Untuk memahami lebih dalam, mari telusuri sejarah keistimewaan DIY. Sejak Proklamasi Kemerdekaan Indonesia, pada 5 September 1945, Sultan Hamengku Buwono IX dan Sri Paku Alam VIII mengeluarkan maklumat yang menyatakan bergabungnya Kasultanan Yogyakarta dan Kadipaten Pakualaman ke dalam NKRI. Ini adalah langkah berani yang memberikan legitimasi bagi negara yang baru merdeka.

Yogyakarta tidak hanya menyumbangkan wilayah dan penduduk, tetapi juga menjadi benteng perjuangan kemerdekaan saat Jakarta jatuh ke tangan Belanda. Di bawah kepemimpinan Sultan Hamengku Buwono IX dan Paku Alam VIII, Yogyakarta berhasil mengintegrasikan nilai-nilai tradisional dengan sistem pemerintahan modern, menjaga warisan budaya yang kaya.

Dasar hukum keistimewaan DIY terletak pada Pasal 18B ayat (1) UUD 1945, yang mengakui daerah-daerah istimewa.

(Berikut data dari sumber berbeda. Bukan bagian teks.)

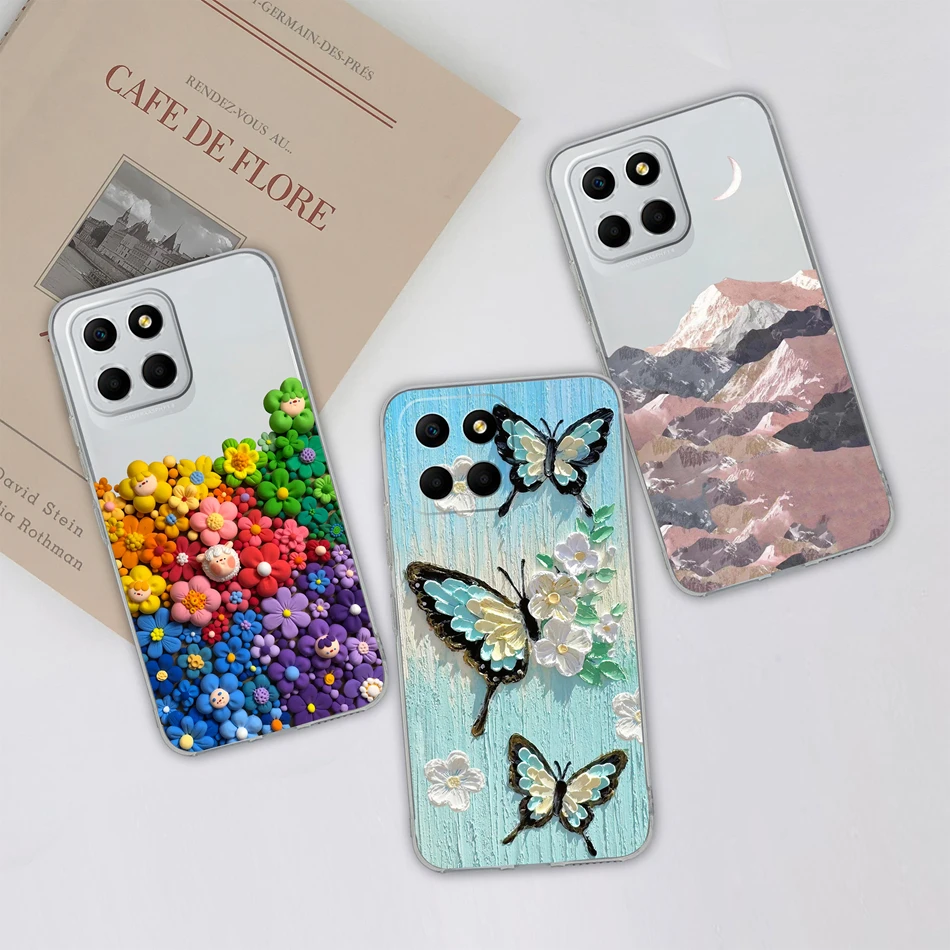 Cute Crytal Clear Cover For Honor X6 X6A X6S Phone Case Soft Slim Transparent Silicone Cases For Honor X 6 4G Anti Drop Housing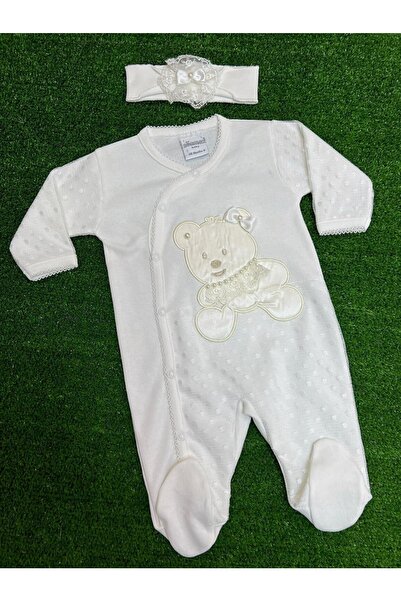 Sönmez Baby Saten Ayılı Penye Tulum Ve Saç Bandı Kız Bebe Takımı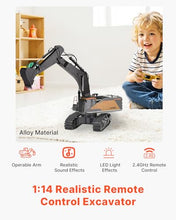 Load image into Gallery viewer, VEVOR Remote Control Excavator Toy, 1:14 Scale Remote Control Digger with Metal Shovel, 22 Channel RC Excavator with Lights &amp; Sounds, Full Functional Construction Vehicles for Kids, Birthday Present
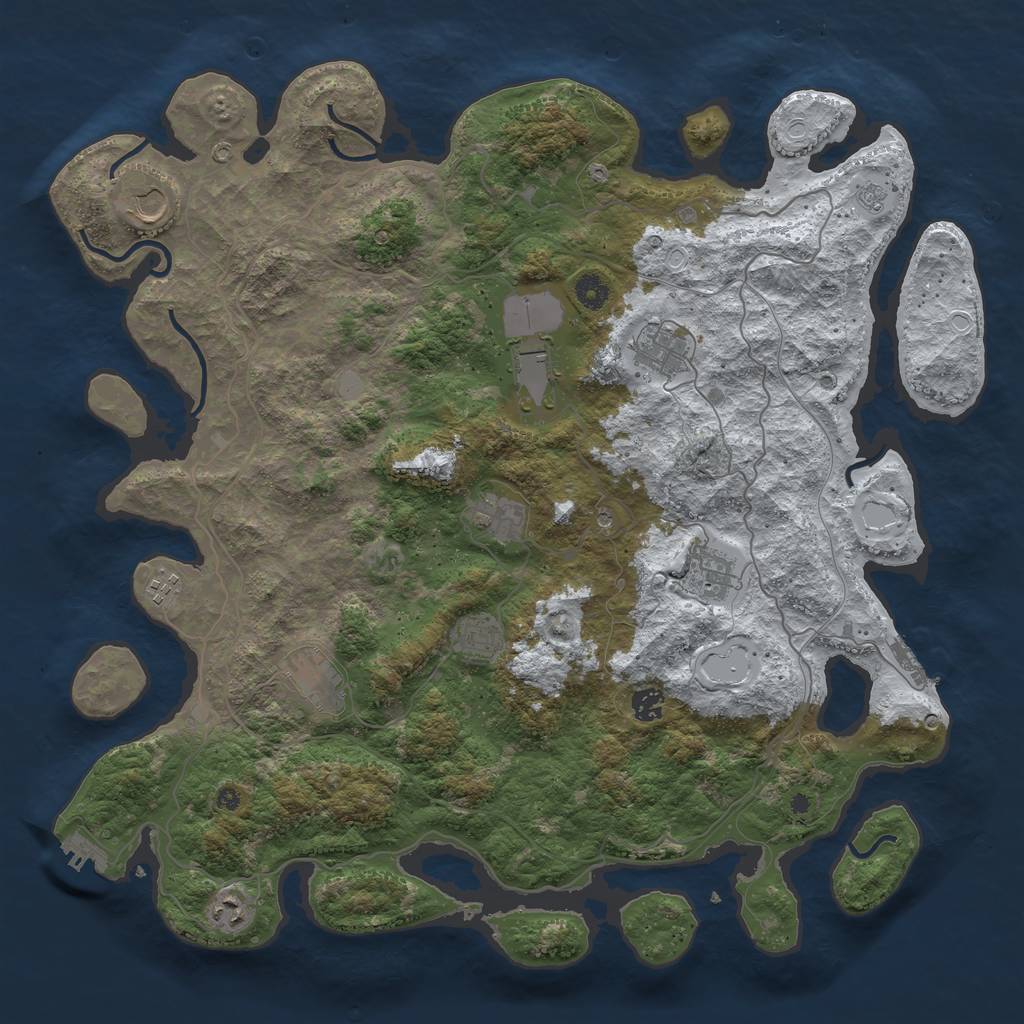Rust Map: Procedural Map, Size: 4500, Seed: 5619, 19 Monuments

UU No. 13 Tahun 2012 menjadi tonggak penting dalam pengaturan keistimewaan ini, mengatur secara komprehensif tentang pengisian jabatan Gubernur dan Wakil Gubernur, serta aspek kelembagaan dan kebudayaan.

Alasan mengapa Yogya tidak mengadakan Pilkada gubernur adalah sebagai bentuk pengakuan atas hak asal-usul dan pelestarian nilai budaya. Selain itu, sistem ini terbukti efektif dalam menjaga stabilitas sosial dan memajukan kesejahteraan masyarakat. Dengan tidak adanya Pilkada, DIY dapat mengalokasikan anggaran untuk program pembangunan yang lebih bermanfaat.

Namun, sistem ini juga membawa tantangan, terutama dalam konteks modernisasi dan integrasi dengan birokrasi. Yogyakarta harus mampu menyeimbangkan pelestarian nilai-nilai tradisional dengan kebutuhan pembangunan modern, serta menghadapi tantangan sosial-ekonomi dan regenerasi kepemimpinan.

Keberhasilan DIY dalam menghadapi tantangan ini akan menjadi model penting bagi daerah lain dalam mengelola keragaman dan kekhasan daerah dalam bingkai NKRI. Keistimewaan DIY dengan sistem penetapan gubernurnya adalah contoh bagaimana nilai-nilai tradisional dapat berjalan selaras dengan sistem pemerintahan modern.